However, perhaps we’ve been barking up the wrong tree. Evidence-based medicine is often ill-suited to the care of complex older adults, and more of the traditional sorts of randomized trials of drugs and devices will not give us the information we need. Consider the HYVET trial (http://content.nejm.org/cgi/content/abstract/358/18/1887). For years, observational evidence and limited trial data suggested that in the oldest old, high blood pressure was protective against mortality (the opposite of the relationship in younger people). HYVET, a randomized controlled trial which enrolled 3845 patients from 195 centers on 5 continents, found the opposite to be true. However, the study has been criticized for its lack of generalizability, since many patients were excluded from participation in the trial.
This leads to two conclusions. First, if we cannot get the data we need from this enormous undertaking, when will we ever? Second, imagine that this study did include a wider variety of patients. It would still be unclear how to apply its results.

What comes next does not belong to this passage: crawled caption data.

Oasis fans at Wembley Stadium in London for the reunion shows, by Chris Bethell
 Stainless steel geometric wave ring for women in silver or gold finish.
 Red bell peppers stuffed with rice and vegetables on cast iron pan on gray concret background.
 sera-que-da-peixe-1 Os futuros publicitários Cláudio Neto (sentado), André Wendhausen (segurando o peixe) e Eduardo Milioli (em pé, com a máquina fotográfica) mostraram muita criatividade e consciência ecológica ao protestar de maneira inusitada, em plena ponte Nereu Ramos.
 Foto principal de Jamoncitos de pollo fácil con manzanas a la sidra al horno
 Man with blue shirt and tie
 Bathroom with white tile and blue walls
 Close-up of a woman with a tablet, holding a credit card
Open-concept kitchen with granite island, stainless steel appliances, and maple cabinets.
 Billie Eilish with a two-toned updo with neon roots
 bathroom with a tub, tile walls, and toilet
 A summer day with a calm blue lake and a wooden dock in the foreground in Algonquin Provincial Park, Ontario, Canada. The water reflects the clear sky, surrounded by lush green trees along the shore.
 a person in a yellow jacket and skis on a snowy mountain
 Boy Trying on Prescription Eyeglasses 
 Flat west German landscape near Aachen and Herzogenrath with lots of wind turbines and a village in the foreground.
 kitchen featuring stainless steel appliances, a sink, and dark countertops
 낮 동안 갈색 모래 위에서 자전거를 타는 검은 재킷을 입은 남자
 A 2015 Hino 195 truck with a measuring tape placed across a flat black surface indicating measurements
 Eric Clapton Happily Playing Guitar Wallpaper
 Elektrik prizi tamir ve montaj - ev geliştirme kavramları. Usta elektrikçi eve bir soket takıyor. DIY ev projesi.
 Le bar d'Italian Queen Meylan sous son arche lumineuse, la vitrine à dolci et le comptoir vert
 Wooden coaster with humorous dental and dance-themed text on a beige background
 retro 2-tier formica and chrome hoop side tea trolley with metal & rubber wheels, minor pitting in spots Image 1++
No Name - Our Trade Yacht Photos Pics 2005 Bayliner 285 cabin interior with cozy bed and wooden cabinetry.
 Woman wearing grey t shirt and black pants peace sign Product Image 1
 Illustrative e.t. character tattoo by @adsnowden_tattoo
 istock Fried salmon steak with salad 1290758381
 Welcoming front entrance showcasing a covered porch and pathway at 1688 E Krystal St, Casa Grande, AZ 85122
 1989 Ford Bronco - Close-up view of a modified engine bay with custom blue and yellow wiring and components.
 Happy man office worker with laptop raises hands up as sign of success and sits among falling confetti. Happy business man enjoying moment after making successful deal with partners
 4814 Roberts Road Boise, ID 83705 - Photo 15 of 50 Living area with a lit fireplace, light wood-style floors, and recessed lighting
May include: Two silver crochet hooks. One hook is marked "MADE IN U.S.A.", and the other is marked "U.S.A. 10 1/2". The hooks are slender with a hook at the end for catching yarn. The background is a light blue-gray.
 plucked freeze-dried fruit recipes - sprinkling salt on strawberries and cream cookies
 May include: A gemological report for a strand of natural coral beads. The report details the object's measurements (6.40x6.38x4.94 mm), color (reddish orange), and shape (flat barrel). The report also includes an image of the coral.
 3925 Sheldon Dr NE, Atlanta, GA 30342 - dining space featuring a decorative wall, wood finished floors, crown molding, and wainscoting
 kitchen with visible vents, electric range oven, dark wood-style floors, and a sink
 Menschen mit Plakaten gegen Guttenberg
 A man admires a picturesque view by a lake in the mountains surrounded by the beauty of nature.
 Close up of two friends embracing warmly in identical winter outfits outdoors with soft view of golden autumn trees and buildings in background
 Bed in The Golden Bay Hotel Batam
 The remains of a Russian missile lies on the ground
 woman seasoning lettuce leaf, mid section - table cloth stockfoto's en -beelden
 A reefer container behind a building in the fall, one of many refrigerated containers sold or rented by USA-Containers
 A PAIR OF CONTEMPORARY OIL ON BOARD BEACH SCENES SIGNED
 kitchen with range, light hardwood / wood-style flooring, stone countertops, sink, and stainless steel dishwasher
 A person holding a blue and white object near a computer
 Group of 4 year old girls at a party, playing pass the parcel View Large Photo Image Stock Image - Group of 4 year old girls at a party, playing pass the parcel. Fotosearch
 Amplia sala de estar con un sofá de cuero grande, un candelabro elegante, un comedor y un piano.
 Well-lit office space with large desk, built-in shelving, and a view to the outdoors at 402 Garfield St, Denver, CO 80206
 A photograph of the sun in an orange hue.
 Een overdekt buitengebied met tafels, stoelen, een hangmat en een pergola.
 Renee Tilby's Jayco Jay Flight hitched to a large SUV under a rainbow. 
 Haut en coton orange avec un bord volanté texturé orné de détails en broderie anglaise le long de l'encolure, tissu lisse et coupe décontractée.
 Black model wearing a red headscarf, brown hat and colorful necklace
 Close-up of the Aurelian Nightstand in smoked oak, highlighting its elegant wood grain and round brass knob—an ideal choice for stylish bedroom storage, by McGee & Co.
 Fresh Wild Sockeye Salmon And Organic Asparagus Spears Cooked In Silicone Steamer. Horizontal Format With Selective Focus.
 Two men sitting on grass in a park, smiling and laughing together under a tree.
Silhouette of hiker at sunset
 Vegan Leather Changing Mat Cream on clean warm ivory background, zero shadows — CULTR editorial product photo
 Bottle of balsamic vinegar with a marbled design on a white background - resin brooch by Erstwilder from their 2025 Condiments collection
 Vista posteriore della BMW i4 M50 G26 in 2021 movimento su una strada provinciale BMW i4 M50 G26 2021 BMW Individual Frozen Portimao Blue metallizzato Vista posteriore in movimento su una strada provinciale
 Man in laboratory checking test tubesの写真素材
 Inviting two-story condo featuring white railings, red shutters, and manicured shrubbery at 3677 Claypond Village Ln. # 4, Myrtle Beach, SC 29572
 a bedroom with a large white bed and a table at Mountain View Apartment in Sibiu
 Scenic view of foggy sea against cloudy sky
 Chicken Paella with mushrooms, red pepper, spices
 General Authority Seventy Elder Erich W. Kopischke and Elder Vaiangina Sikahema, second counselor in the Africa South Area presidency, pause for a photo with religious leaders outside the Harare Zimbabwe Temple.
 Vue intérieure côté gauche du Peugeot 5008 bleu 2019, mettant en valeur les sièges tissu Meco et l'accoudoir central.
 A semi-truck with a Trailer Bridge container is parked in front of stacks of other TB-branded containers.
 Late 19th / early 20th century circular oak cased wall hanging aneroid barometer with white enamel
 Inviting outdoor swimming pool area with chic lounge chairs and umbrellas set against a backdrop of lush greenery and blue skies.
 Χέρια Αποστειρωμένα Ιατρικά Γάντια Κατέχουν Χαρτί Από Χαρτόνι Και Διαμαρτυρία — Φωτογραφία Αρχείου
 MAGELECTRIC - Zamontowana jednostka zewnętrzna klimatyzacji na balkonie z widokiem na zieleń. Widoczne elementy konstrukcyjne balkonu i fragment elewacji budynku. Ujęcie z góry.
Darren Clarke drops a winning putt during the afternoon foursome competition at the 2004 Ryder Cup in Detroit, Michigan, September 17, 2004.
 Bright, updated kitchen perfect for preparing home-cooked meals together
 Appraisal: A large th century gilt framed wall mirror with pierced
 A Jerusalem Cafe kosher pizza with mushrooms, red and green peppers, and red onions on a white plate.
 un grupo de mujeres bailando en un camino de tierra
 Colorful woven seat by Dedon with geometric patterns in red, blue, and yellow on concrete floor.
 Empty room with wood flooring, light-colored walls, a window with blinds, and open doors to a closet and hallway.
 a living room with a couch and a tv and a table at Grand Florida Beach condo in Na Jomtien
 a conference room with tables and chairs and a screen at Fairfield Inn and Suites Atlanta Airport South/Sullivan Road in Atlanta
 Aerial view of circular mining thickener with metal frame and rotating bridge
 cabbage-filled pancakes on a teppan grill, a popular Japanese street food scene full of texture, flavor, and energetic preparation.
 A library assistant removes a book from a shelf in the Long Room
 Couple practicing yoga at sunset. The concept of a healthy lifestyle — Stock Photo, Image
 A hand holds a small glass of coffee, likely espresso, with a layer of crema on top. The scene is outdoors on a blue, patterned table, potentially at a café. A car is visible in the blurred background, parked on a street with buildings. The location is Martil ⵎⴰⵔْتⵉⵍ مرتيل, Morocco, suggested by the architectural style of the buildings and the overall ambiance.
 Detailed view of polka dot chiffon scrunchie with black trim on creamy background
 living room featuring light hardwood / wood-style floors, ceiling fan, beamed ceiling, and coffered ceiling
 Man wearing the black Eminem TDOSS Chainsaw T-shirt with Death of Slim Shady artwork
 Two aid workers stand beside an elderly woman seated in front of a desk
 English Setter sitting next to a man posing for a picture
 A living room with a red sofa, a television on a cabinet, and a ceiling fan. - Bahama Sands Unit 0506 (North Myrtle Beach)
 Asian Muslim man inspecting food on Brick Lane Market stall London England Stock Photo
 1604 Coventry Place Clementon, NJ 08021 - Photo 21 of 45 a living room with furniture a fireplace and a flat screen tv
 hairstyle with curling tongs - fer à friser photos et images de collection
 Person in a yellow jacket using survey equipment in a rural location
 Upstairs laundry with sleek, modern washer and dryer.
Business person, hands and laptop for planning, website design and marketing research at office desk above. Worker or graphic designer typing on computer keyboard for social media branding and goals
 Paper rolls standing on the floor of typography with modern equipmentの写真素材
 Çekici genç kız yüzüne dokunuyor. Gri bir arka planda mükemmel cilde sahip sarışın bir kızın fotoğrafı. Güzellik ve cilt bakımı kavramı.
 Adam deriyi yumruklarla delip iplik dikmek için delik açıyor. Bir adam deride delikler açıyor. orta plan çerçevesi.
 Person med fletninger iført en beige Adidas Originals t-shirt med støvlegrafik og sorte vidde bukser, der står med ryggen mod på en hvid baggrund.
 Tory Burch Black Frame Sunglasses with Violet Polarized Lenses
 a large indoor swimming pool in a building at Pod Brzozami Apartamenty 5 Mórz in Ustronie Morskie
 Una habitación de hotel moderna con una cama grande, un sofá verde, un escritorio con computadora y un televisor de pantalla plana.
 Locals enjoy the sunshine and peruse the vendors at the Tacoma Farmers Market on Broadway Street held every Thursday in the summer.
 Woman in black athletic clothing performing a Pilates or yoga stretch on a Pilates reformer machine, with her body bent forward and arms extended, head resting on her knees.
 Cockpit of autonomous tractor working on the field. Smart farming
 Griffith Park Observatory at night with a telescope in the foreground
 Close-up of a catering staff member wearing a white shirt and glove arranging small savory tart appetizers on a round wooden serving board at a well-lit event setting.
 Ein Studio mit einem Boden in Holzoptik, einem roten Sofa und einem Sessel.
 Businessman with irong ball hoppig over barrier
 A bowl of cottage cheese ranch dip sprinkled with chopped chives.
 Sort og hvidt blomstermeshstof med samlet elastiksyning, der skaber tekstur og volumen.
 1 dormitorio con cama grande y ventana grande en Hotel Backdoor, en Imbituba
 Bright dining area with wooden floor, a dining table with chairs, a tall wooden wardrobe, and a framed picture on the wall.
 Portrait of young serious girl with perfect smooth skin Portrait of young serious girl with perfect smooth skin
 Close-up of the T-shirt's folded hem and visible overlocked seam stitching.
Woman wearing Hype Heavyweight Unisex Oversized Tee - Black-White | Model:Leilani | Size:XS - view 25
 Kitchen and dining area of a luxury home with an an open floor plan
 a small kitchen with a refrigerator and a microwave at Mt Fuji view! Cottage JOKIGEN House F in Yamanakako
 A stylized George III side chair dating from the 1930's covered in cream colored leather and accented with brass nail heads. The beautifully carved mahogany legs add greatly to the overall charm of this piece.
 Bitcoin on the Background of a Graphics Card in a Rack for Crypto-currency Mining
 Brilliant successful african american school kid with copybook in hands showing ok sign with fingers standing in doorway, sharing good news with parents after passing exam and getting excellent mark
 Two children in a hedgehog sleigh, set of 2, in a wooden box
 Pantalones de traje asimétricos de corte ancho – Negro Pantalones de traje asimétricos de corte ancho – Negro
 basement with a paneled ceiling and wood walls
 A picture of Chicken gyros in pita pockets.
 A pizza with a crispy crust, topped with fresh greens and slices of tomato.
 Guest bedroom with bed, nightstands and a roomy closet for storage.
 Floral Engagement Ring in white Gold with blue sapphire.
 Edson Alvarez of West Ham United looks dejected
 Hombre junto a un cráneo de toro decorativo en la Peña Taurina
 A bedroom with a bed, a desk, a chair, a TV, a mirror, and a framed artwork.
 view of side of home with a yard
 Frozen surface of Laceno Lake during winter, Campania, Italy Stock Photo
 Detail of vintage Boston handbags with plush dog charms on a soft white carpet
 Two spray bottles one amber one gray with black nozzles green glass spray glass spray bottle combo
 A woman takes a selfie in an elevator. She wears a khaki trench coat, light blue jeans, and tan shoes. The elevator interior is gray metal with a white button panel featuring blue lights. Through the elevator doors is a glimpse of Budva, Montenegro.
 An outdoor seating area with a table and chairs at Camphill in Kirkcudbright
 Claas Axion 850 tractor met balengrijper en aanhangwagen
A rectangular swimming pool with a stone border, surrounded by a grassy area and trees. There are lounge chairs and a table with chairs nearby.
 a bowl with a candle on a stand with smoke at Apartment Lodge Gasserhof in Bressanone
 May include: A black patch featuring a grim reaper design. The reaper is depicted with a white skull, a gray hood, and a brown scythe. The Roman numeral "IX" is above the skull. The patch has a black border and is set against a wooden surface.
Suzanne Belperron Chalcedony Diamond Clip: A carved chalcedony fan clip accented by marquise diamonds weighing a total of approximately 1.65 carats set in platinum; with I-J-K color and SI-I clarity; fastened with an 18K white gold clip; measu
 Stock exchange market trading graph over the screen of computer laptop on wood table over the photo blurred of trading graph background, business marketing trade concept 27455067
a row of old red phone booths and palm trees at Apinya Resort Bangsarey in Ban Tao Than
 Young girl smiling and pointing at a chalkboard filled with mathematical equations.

Would the results apply to a 90-year old man with multiple comorbidities and substantial functional decline, or to an 85-year old woman who is in excellent health? The great heterogeneity of the older population means that the population-averaged results that arise from a clinical trial do not necessarily apply to our individual, highly non-average patients. Subgroup analyses from studies can provide hints in this direction, but cannot truly account for the great heterogeneity of the older patient population. This is different than the traditional population of clinical trials, which with their younger, less comorbidly-ill patient samples apply more directly to the younger, less comorbidly-ill population of patients seen in clinical practice.
This doesn’t mean that we should abandon evidence-based medicine for the care of complex elders, nor does it mean that HYVET and other clinical trials offer little of value. However, the primary solution is not likely to arise from repeating traditional drug and device trials in clinically complex elders. Instead, trials that study integrative, cross-disease approaches to care in complex elders may hold greater promise, insofar as they may be more generalizable to a broad spectrum of this population and less dependent on the specific comorbidity or functional profile of individual patients. We will still need to use judgment to extrapolate study results to individual patients. However, by embracing complexity, these studies can offer a path forward that complements and may ultimately prove of greater value than the single-drug, single-disease focused interventions that are the mainstay of the traditional evidence-based literature.